In my last blog post, we looked over some of the things you should be thinking about when looking to buy oceanfront property in Hawaii. This time around, we’re going to look at the things you ought to know about OWNING that same property.
Hawaii can be a bit different when it comes to what homeowners are required to do with their land when it’s on the oceanfront. There are some rules and regulations that you just don’t find in other states. Many of these are to protect our oceans and land and maintain safe access for those who visit them. Let’s take a closer look at some things to know about owning oceanfront property in Hawaii:
As an Oceanfront Owner: You May Interact with Encroaching Vegetation Regulations
This is one that a lot of folks don’t know about. As mentioned in the previous post, all beaches in Hawaii are open to the public. As such, some oceanfront properties have ‘beach access’ paths adjacent to their property. If you ever visit here and travel down Ali’i Drive in Kona, for instance, you’ll see a plethora of signs saying ‘beach access’ next to private residences. These pathways essentially function as public sidewalks to the public beach.

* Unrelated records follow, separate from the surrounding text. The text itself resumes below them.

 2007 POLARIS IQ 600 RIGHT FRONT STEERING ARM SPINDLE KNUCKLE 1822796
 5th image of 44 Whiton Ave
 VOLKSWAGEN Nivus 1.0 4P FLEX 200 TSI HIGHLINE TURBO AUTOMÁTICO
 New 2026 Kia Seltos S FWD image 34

Keep the Path to the Beach Clear
If you own oceanfront property and have a beach access path on or adjacent to your property, the state has made it your responsibility to keep both the walkway and the beach free of what they term ‘encroaching vegetation.’ This being any vegetation on your property that may grow in such a way as to hamper or impede public access through the accessways and onto the beach. For instance, if you allow a hedgerow to grow down towards the beach, and that hedge then makes it difficult or impossible to access certain parts of the beach, that is a violation and you would be required to trim the hedge back until access is no longer restricted. This is still the case even if your vegetation only impedes beach access at high tide.
It’s the same for those ‘Beach Access’ walkways; if you have something growing across them, you will be required to trim it back to allow the public to pass through. Obstructing the public’s right of access, either intentionally or accidentally, is a misdemeanor offense in Hawaii, and is taken very seriously. This also goes for any structures you may erect on your property that inhibits or prohibits access.

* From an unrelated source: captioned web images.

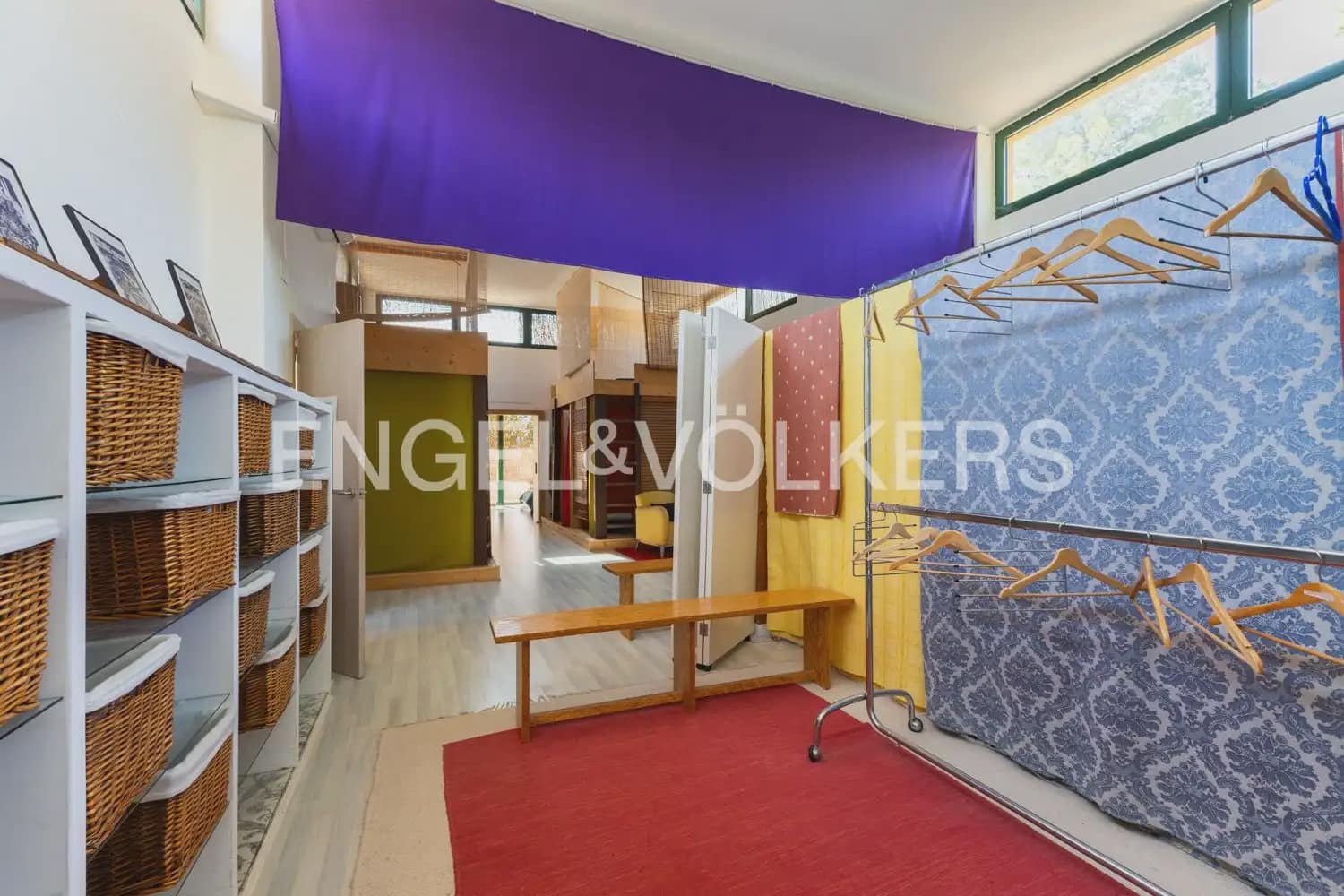 10 chambre Entreprise à vendre à Gilet avec piscine - 1 750 000 € (Ref: 10034372)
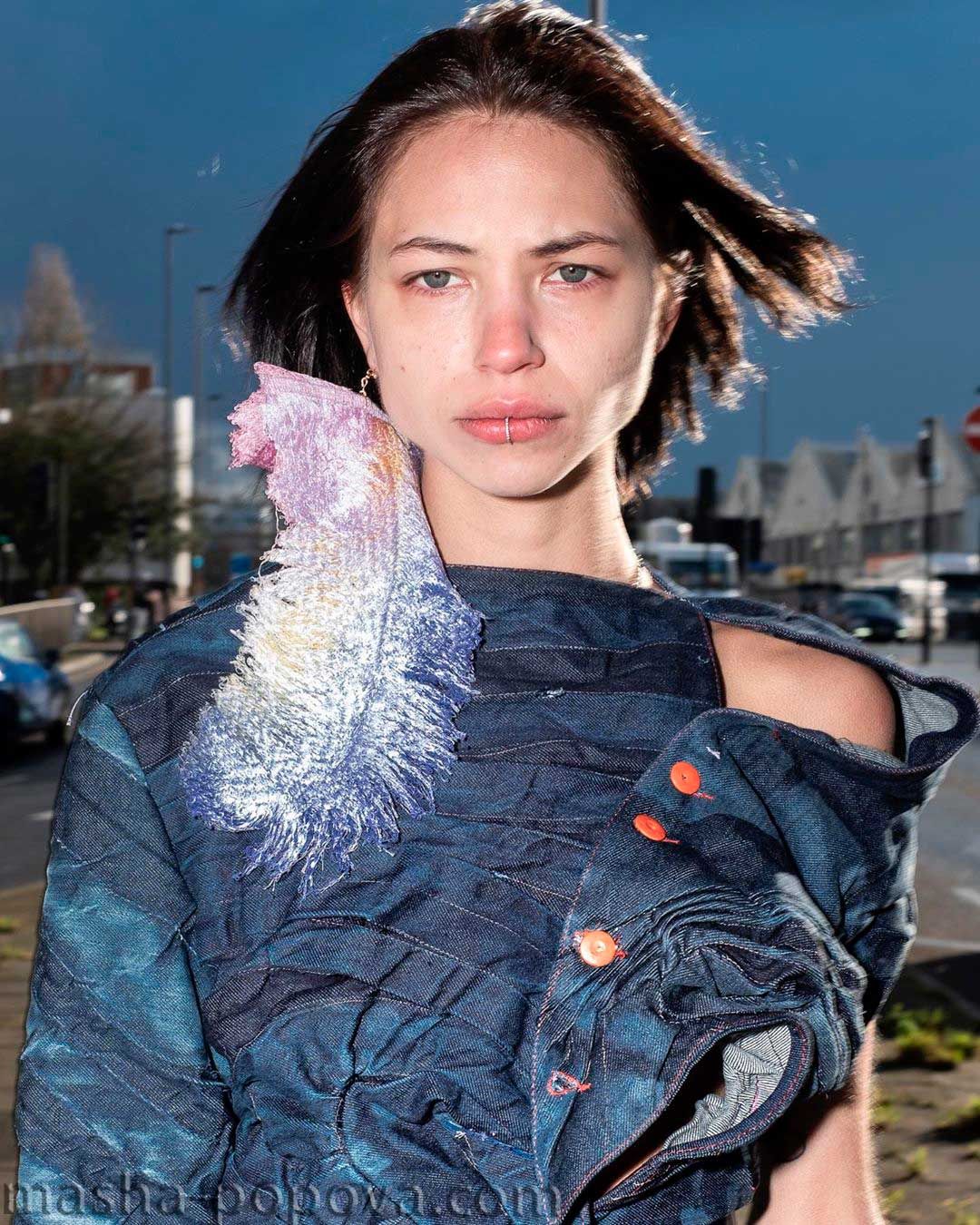 вышивка в модном костюме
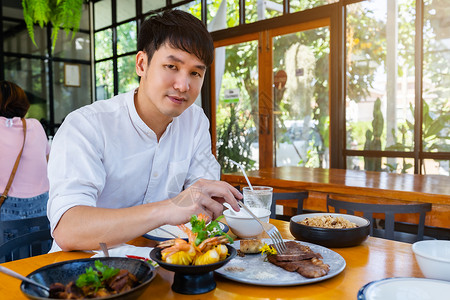 男人在餐厅里吃饭图片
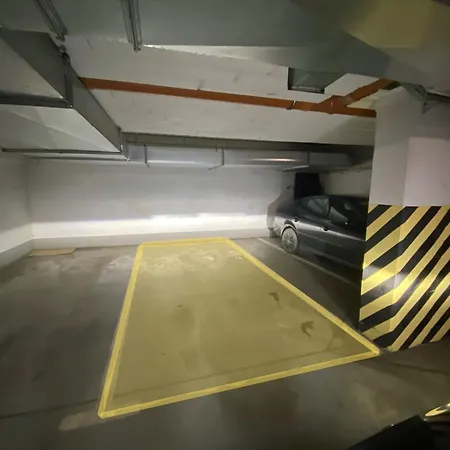 Mosiezna & Taras & Free Parking & Self Check In 24h Lejlighed *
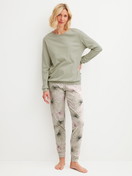Le mannequin Femme porte le/la Pyjama avec bords élastiques en 100% coton de couleur Vert, Floral, de la série Leaf Dreams de CALIDA, Vue de face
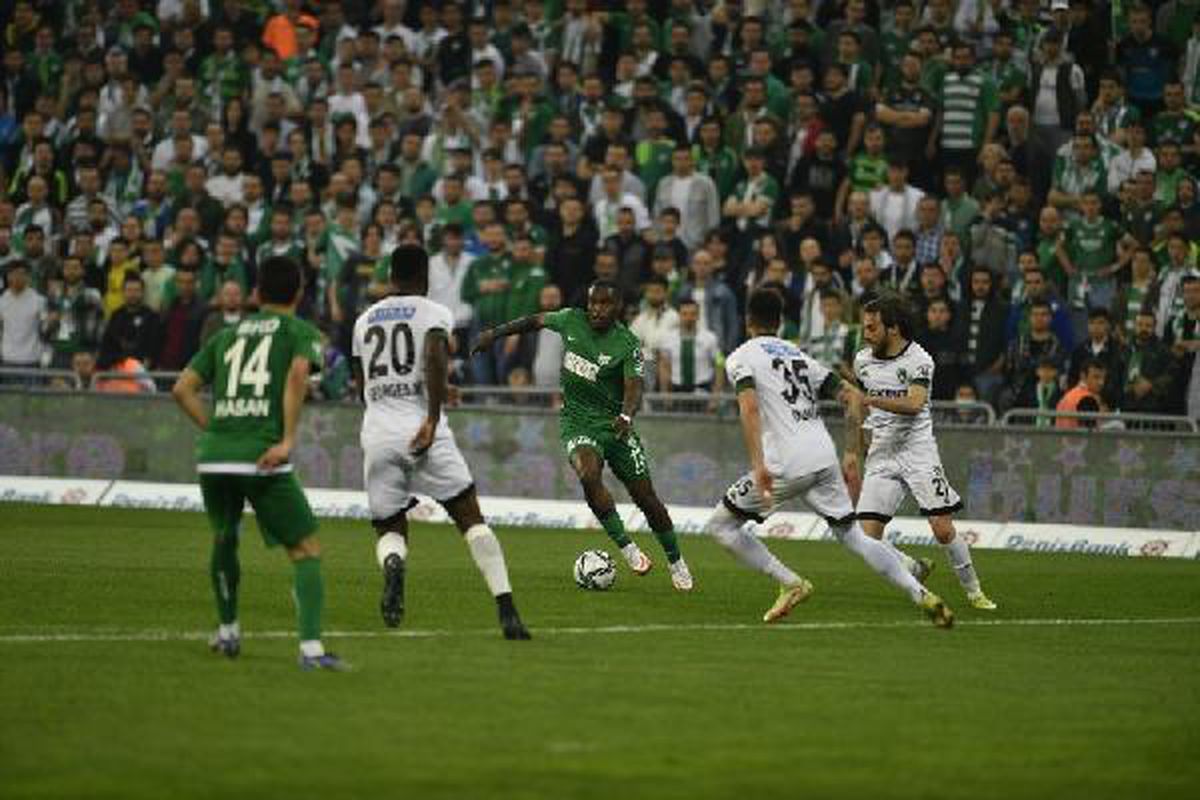 Bursaspor\'da Bifouma kadro dışı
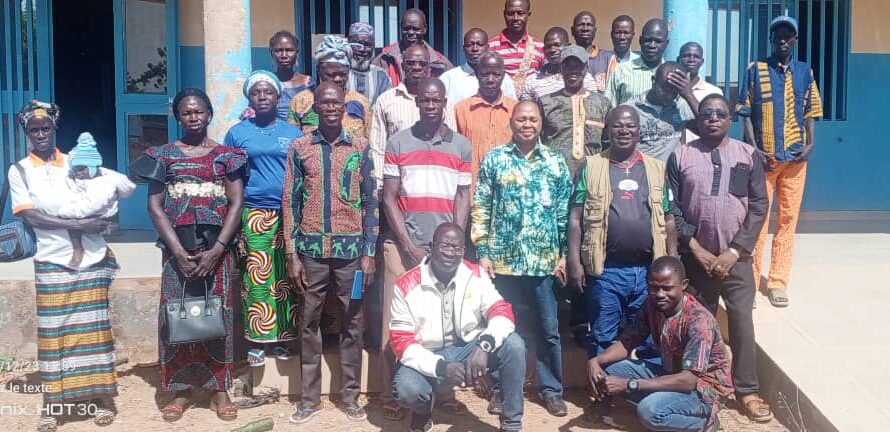 Dialogue politique et innovation locale: quand communautés locales et décideurs se parlent pour innover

It is NOT, however, your job to maintain the public access-way in any other manner beyond that. The state’s Office of Conservation and Coastal Lands office is responsible for the upkeep of sidewalks, railings, and other access-related structures. So don’t worry that you’ll have to re-pave the walkway.
Not All Properties Have a Public Access-Way
It should also be pointed out that not all properties are adjacent to or contain a public access-way. In fact, in many neighborhoods, if you didn’t go searching for it you wouldn’t even realize that the beach access was there. But occasionally — such as on Ali’i Drive, where there are a lot of houses and properties clustered close together, or on larger parcels of land outside of the major cities — you may find yourself needing to accommodate for these access-ways.
Check out this link for more information about public access-ways.
As an Oceanfront Owner: You May Need to Combat Erosion
This is not something every oceanfront property owner has to deal with, but it is enough of a concern that it’s worth noting here. Erosion can be a serious problem on the beaches of Hawaii. It is, essentially, the leeching away of sand or other substance from the shoreline, effectively causing the beach or shore to ‘disappear’ over time. And if your property has structures near the shoreline, those structures could become unusable as more and more of the shore vanishes beneath the waves. This erosion could also cause the ground could become unstable.
Because it’s a known issue, the state of Hawaii has set up several different suggested responses, everything from simply ‘retreating’ away from the eroding shoreline to shipping in replacement sand or other material to even building a sea-wall or other erosion-preventing structure on your property. Though, fair warning, permits for structures like seawalls are very difficult to obtain, as they have a tendency to cause damage to the areas outside of the seawall. As such, the state only issues permits for these structures after all other avenues have been attempted and resulted in failure. For more information about the erosion problem in Hawaii in general, take a look at this guidebook.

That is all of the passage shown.